HORSLEY: But the Senate bill preserves another, more popular piece of Obamacare, the requirement that insurance companies cover everyone, even those with pre-existing conditions. Health policy expert Linda Blumberg of the Urban Institute says imposing a coverage requirement on insurance companies without a corresponding mandate for customers creates a very shaky insurance market.
LINDA BLUMBERG: What you don't want to have is a situation where you're saying, we're going to have everybody, regardless of their health problems, come in and then have all of the healthy people exit the market because then the average cost of those who remain goes up really high.
HORSLEY: As premium costs go up, even more healthy people drop out. That's the so-called death spiral. The House version of the health care bill tried to discourage healthy people from fleeing the market by allowing insurance companies to charge more for those who don't maintain continuous coverage. Former GOP Senate staffer Rodney Whitlock thinks the Senate bill will have to add something similar.

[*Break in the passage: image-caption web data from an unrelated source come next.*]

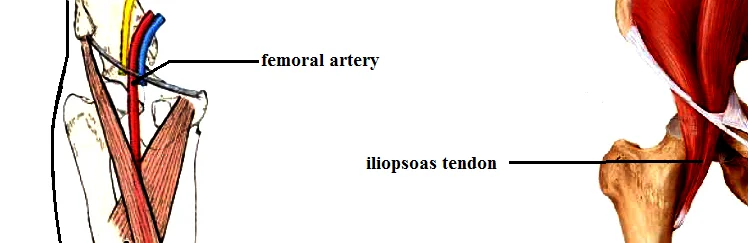 hip arthrography making - MRI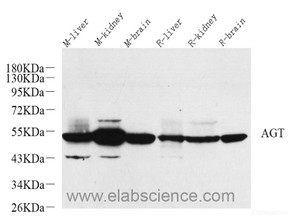 Western Blot analysis of various samples using AGT Polyclonal Antibody at dilution of 1:600.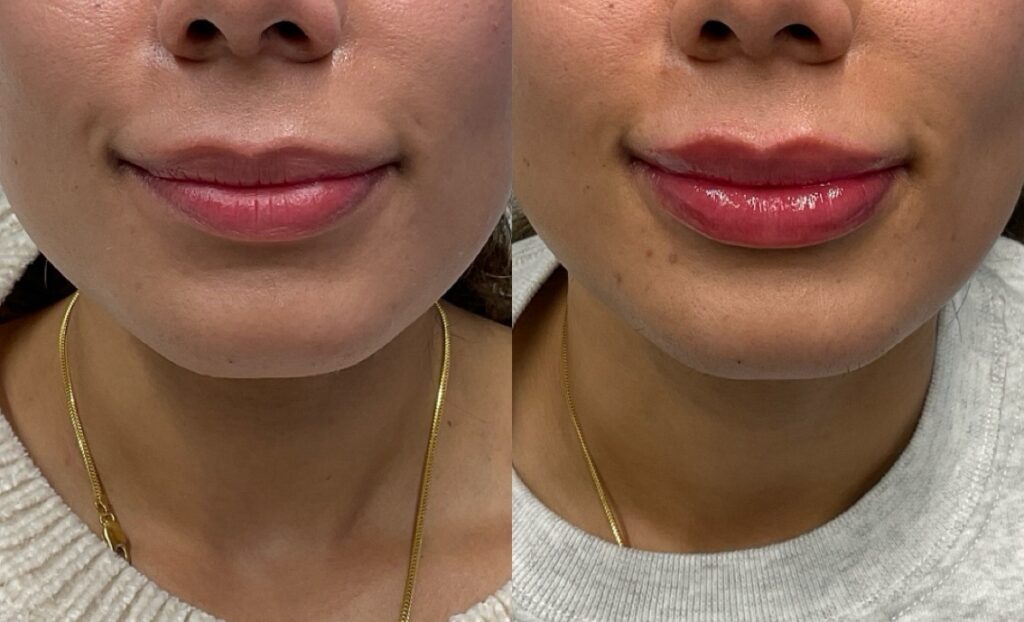 Pt. SB lip filler 62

RODNEY WHITLOCK: I believe that the bill that the Senate will vote on, assuming they get to that point, will have some sort of mechanism to cause participation in it.

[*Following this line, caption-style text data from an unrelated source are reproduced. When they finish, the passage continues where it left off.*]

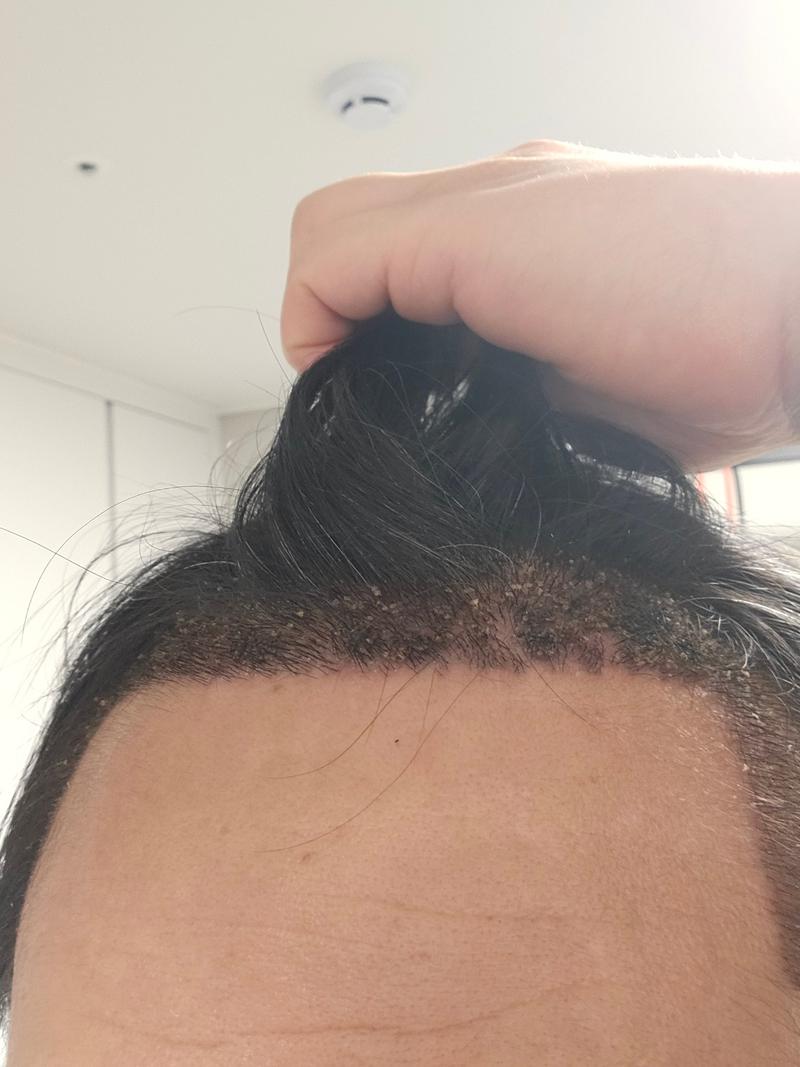 It's been two weeks since I had a hair transplant at Monara Dermatology
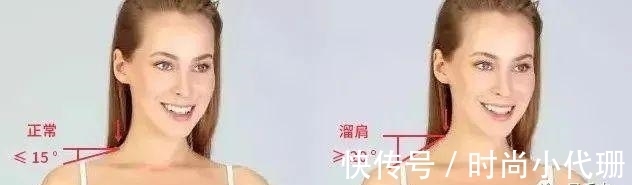 谣言|关于斜方肌的谣言，适可而止吧！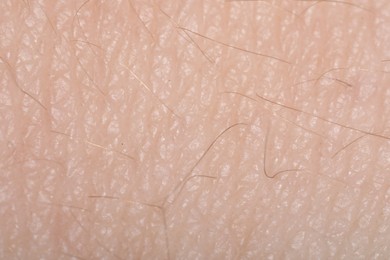 Photo of Macro view of human skin as background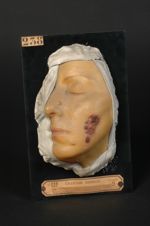 Lupus tuberculeux ulcéreux de la joue et du cou. Femme âgée de 39 ans, domestique (V. le n° 232, voû [...]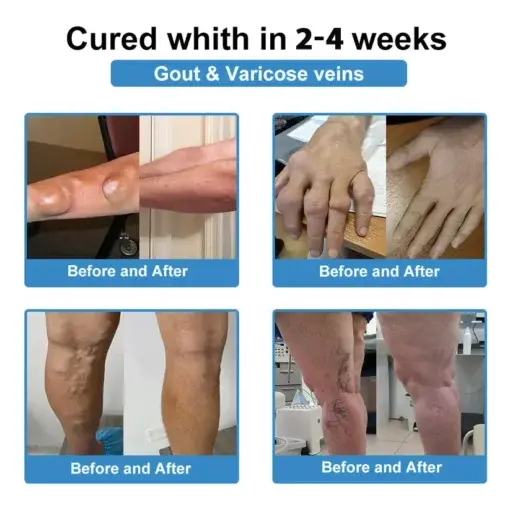 Nano-Microneedle Joint Patch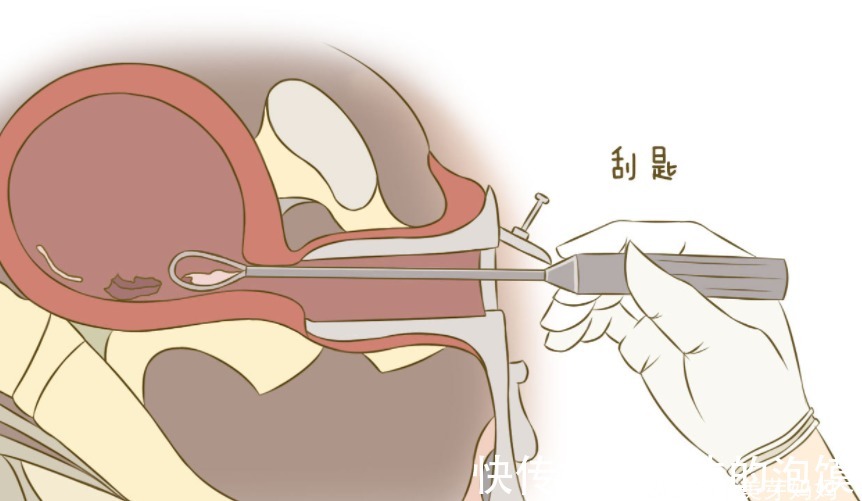 子宫口|女人是否“打过胎”,妇科医生一看便知,嘴上的承诺不牢靠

HORSLEY: So why isn't that already in the bill? Whitlock says McConnell may be worried that it runs afoul of procedural rules that allow Republicans to pass the health care bill with a simple majority vote.

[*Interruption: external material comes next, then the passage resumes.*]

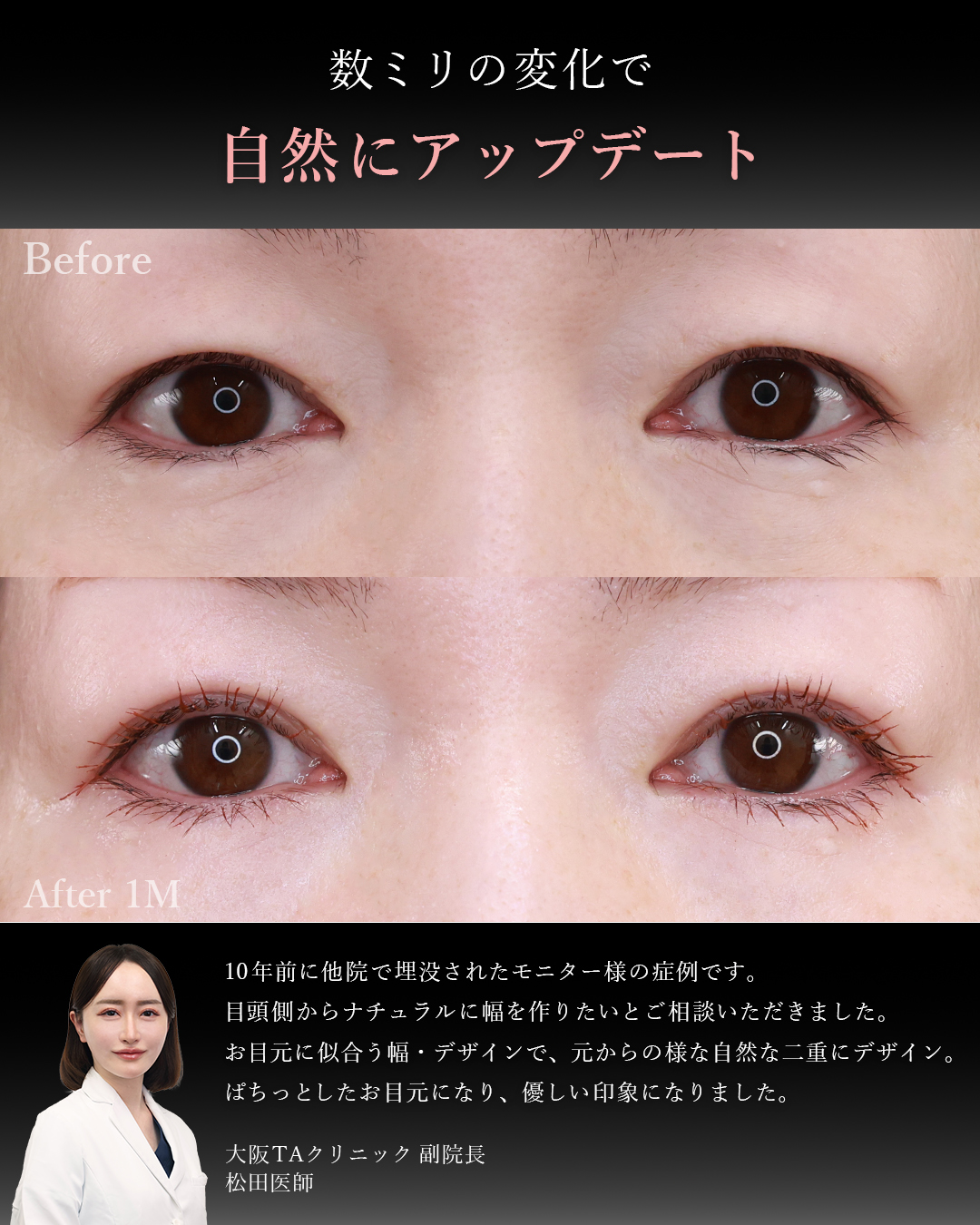 二重埋没法（切らない二重整形）の症例写真 施術前後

WHITLOCK: If you are concerned that that might be the case, then, strategically, you may want to wait until the very last second to be presenting the language to the parliamentarian.
HORSLEY: Blumberg warns without a strong provision to keep healthy customers in the marketplace, insurance companies will be tempted to offer more stripped-down policies. And that could leave the individual market in worse shape than before Obamacare.
BLUMBERG: What will be available are policies that don't cover a number of benefits that people are used to getting coverage for today. They will have much higher deductibles than they're used to seeing. And I think, as you get older, the coverage will be less and less affordable.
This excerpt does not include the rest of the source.